Questa mescolanza di esaltazione, di orgoglio di casta e comportamento eroico fino alla follia, si realizzò pienamente nella pratica dei “voti”, ossia dei giuramenti, quelle promesse solenni che avevano un significato quasi religioso. Un condottiero inglese, il conte di Salisbury, giurò di non riaprire più un occhio, coperto con una benda, finché non avesse por-

tato la distruzione in Francia, e molti lo imitarono; oppure c’era Giovanni di Faukemont che giurò di non risparmiare né convento, né altare, né donna incinta, né fanciullo, né parenti per servire re Edoardo.
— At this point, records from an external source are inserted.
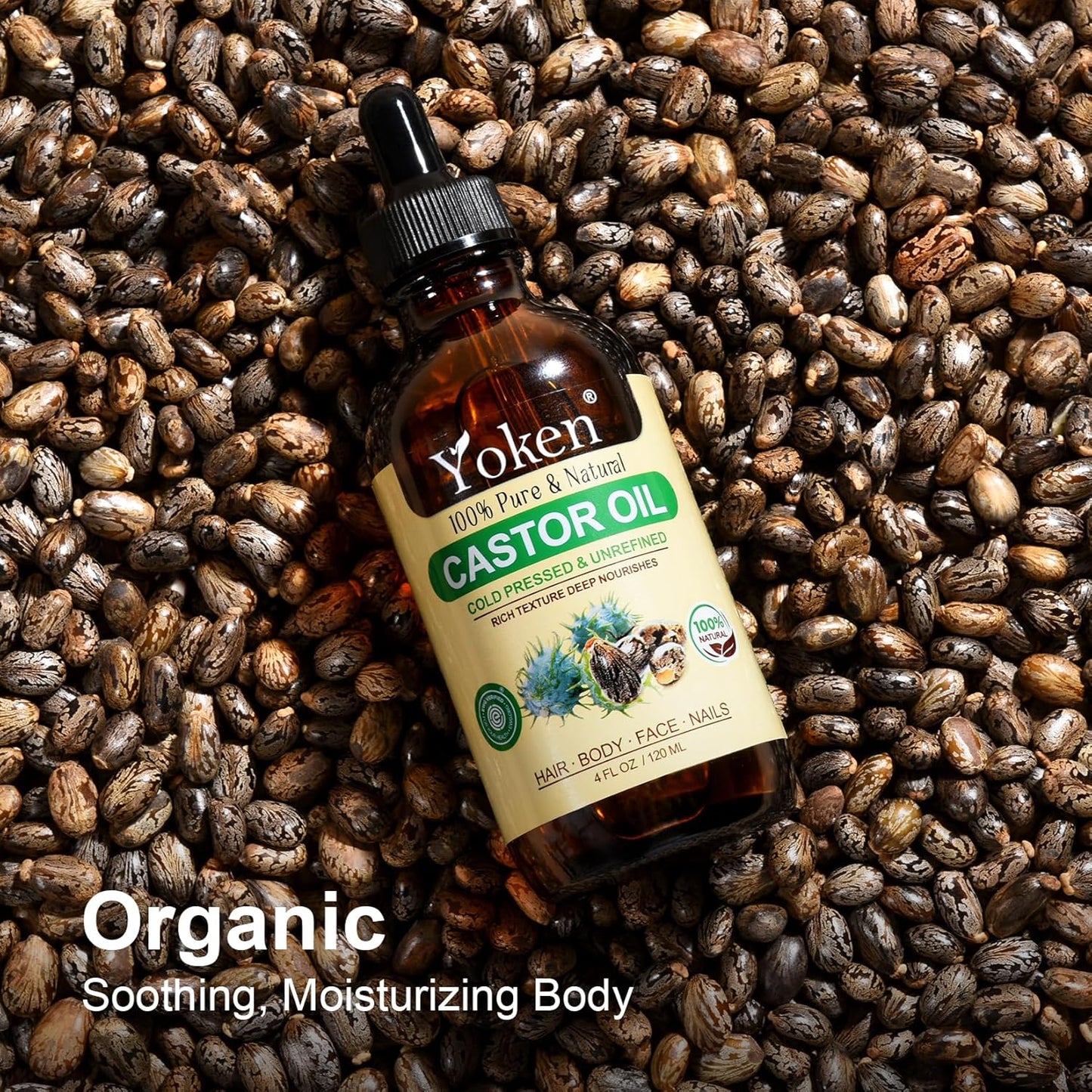 Yoken Castor Oil EWG Verified 4oz Glass Bottle - 100% Pure, Cold Pressed, Hexane Free, Virgin Caster Oils for Face, Eyelash, Eyebrow, Hair - with Lash Starter Kit & Empty Roller Ball Bottle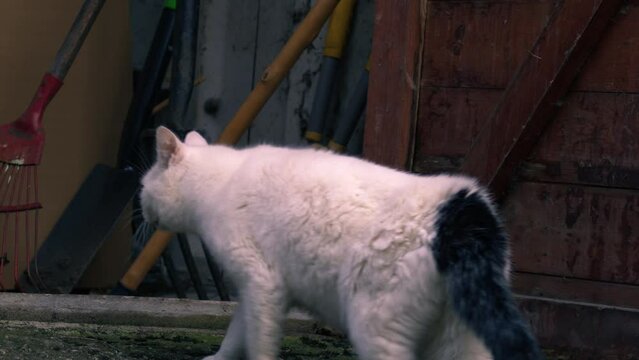 Lost cat walks into garage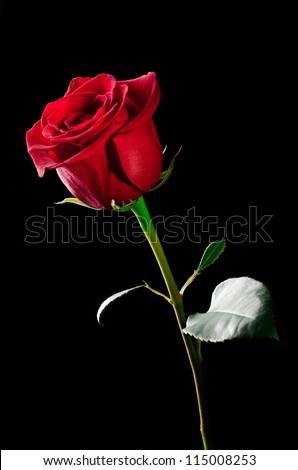 The studio photo of a red rose on a black background.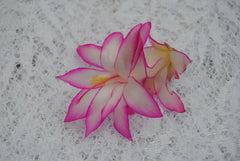 Christmas Cactus Starter Plant - Fairy Tale - Schlumbergera truncata - Well Rooted Cactus, Perfect for Holiday Decorating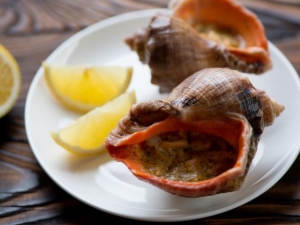 Мясо рапана: что это такое и как приготовить? 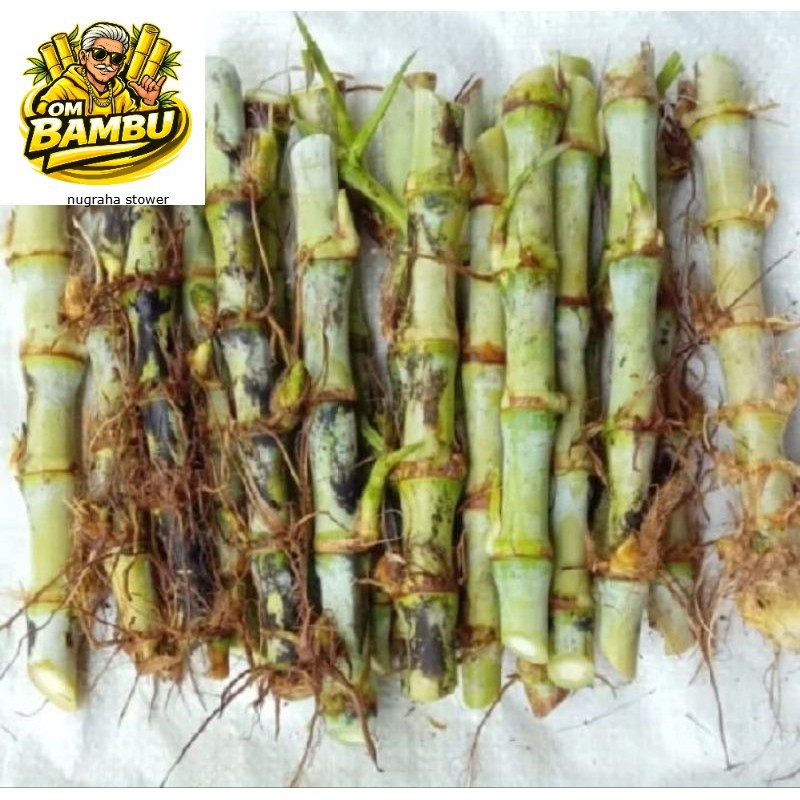 BIBIT ODOT BIBIT RUMPUT ODOT PAKAN TERNAK AM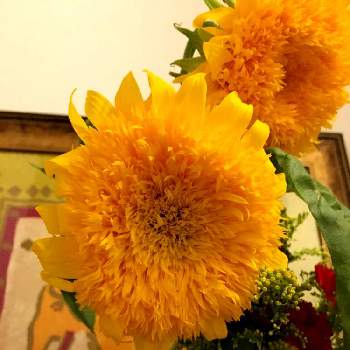 八重咲きヒマワリの投稿画像一覧 Greensnap グリーンスナップ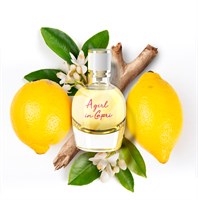 Lanvin A Girl In Capri - фото 63623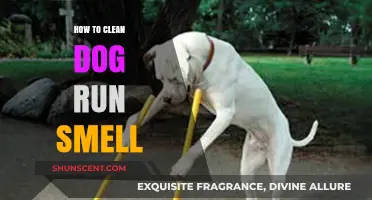 Freshen Up Your Pup's Pad: A Guide to Odor-Free Dog Runs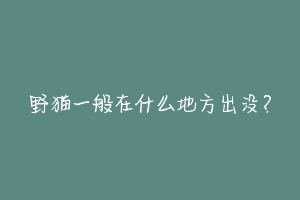 野猫一般在什么地方出没？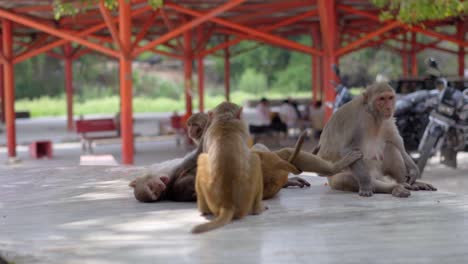 some monkeys are sitting and having fun closeup view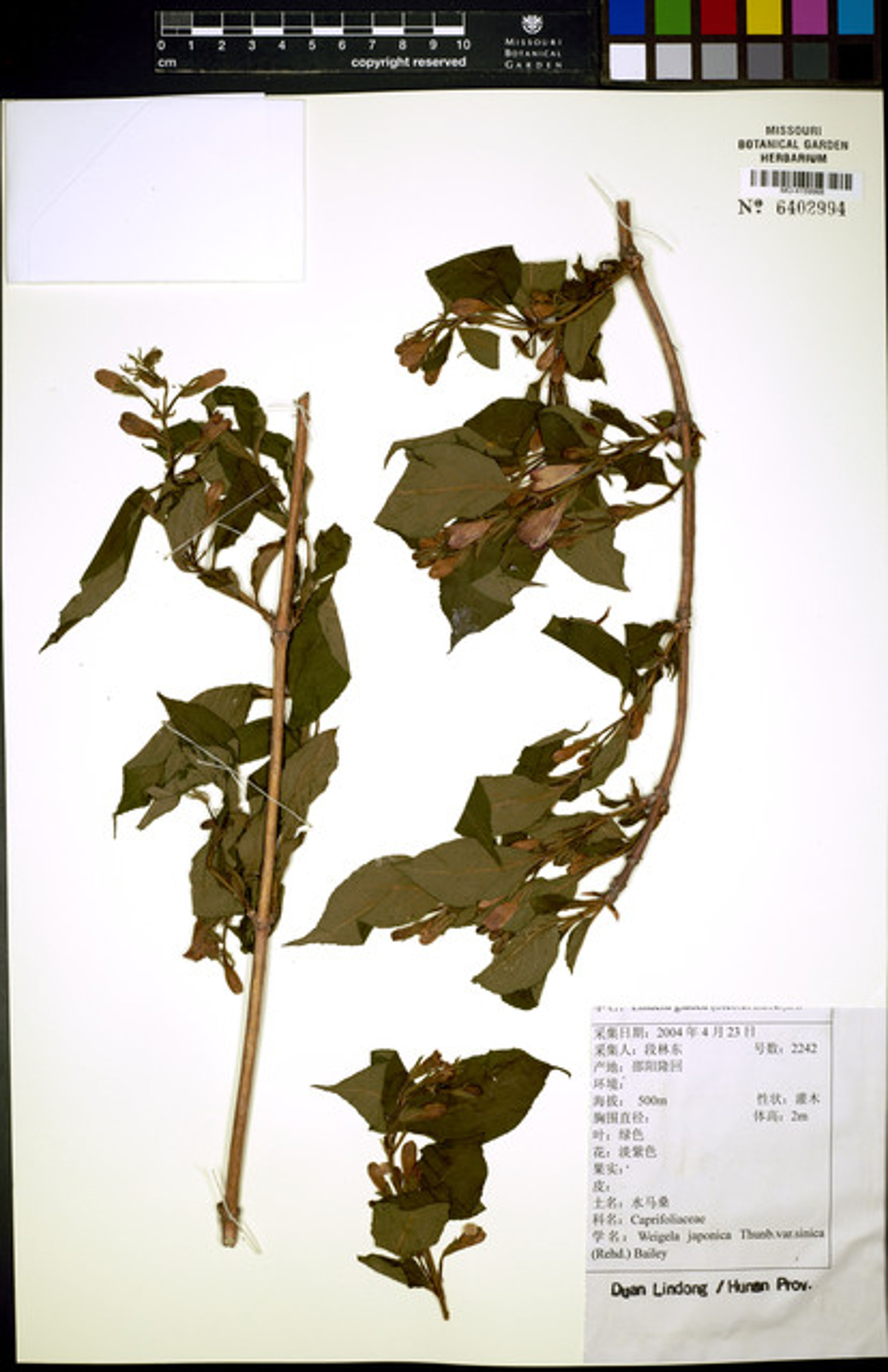 Weigela japonica - 89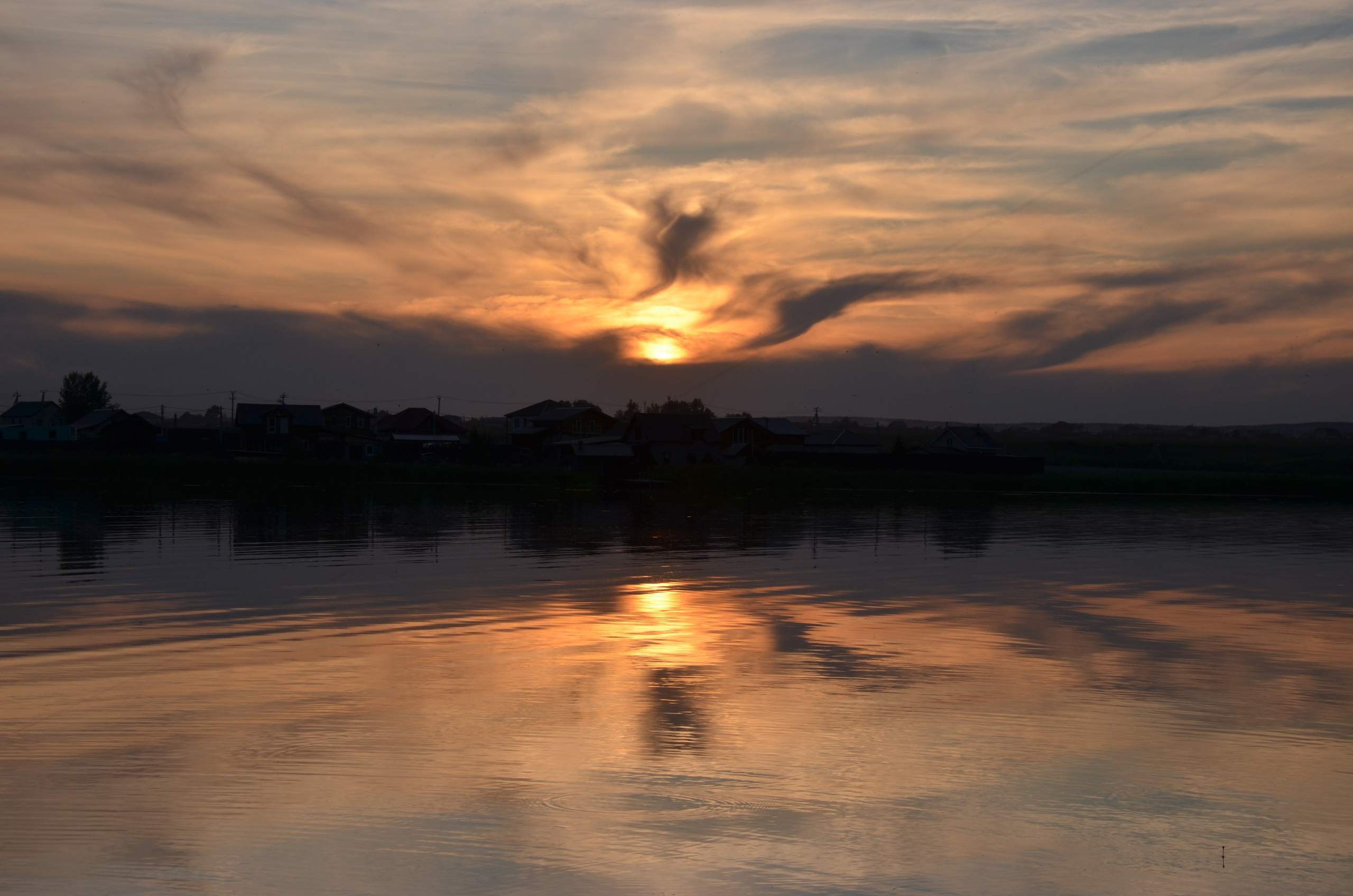 Дары природы. Фотограф viktor viktor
E ci furono anche quelli che giurarono di non tagliarsi la barba o di non sedersi mai, oppure di portare una catena ogni domenica al piede sinistro, o dei bracciali d’oro, fino a giurare di non mangiare finché non avessero incontrato gli Inglesi sul campo di battaglia

L’elenco di questi giuramenti pittoreschi sarebbe lungo, ma è da sottolineare che tutto ciò poi si trasferiva in motti, simboli araldici e leggende eroiche Senza andar troppo lontano, ricordiamo che anche il cimiero di Francesco il Vecchio da Carrara era incoronato da un saraceno alato e cornuto: le corna d’oro sarebbero state aggiunte, a quanto dicono alcuni, già dal suo antenato Umbertino I in memoria di un tradimento della moglie con Alberto della Scala, mentre le ali d’oro sarebbero state il simbolo dell’acquisizione di titoli imperiali Poi c’erano quelli che si vestivano di verde (come Amedeo VI di Savoia), di rosso (Amedeo VII di Savoia) o adottavano il nero, come il celebre Giovanni de’ Medici (detto dalle Bande Nere), morto di cancrena per un colpo di falconetto alla gamba nel novembre del 1526; una fine che già aveva colpito Gaston de Foix e Pierre Terrail de Bayard, il “cavaliere senza macchia e senza paura”.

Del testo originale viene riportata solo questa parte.